Whole-life carbon emissions of concrete mixtures considering maximum CO2 sequestration via carbonation

Abstract

A comparison of cradle-to-gate embodied carbon emissions and carbon dioxide (CO2) sequestration potential due to carbonation of portland cement (PC), portland limestone cement (PLC), and limestone calcined clay cement (LC3) concrete mixtures is presented in this work. First, the cradle-to-gate embodied carbon emissions of the concrete mixtures were calculated using life cycle assessment (LCA).
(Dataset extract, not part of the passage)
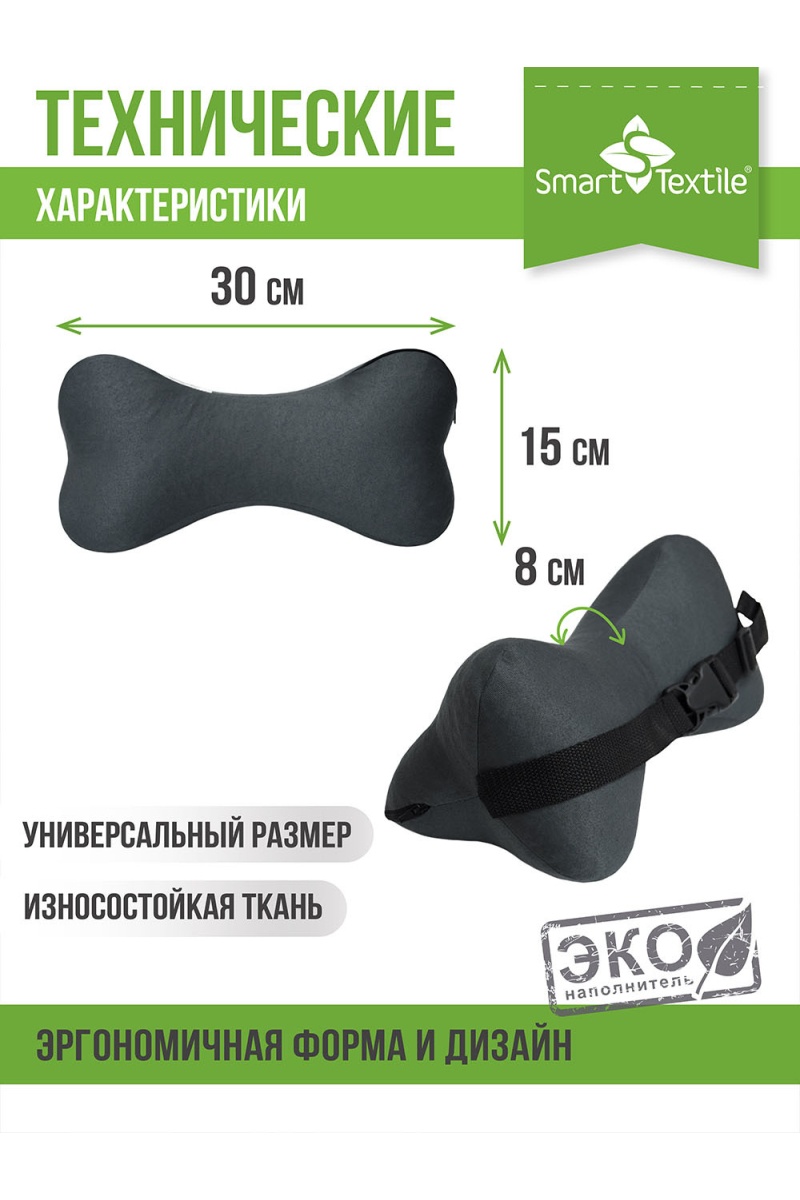 Подушка для авто косточка 30х15 см (в ассортименте)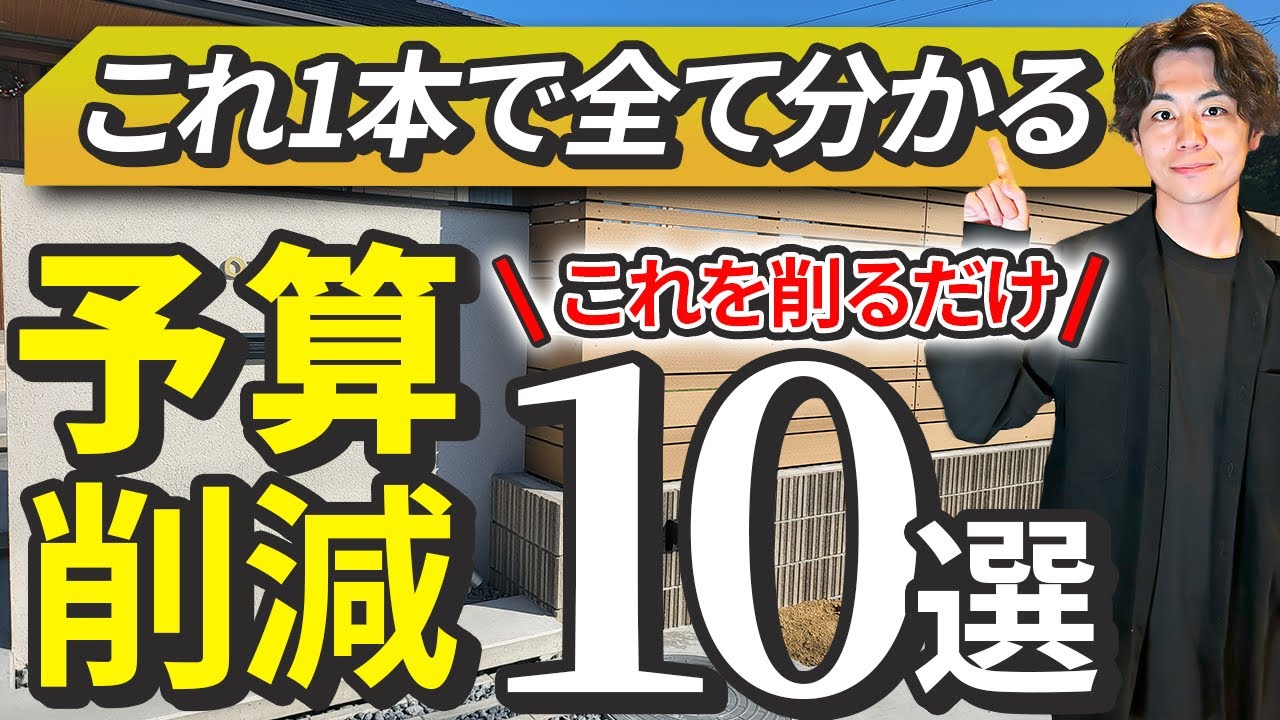 【衝撃的な事実】外構費用を100万削減する方法！厳選10選【9割の人が知らない】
Then, the CO2 sequestration potential of each mixture was computed using a theoretical model for CO2 sequestration that was derived using principles of cement chemistry to account for the carbonation of both calcium hydroxide (CH) and calcium silicate hydrate (C-S-H). The results indicate that a theoretical maximum of 33 % of the cradle-to-gate embodied carbon emissions of the concrete mixtures analyzed herein can be realistically sequestered via carbonation. Data also substantiate that concrete mixtures with higher cradle-to-gate embodied carbon emissions sequester the most CO2. However, concrete mixtures with lower cradle-to-gate embodied carbon emissions, namely PLC and Type I, II, III, IV, and V mixtures with high-SCM replacements, typically yield the lowest whole-life carbon emissions. The results indicate that concrete mixtures with high SCM replacement should be prioritized—regardless of which cement is used to produce the concrete—from a whole-life carbon emissions perspective.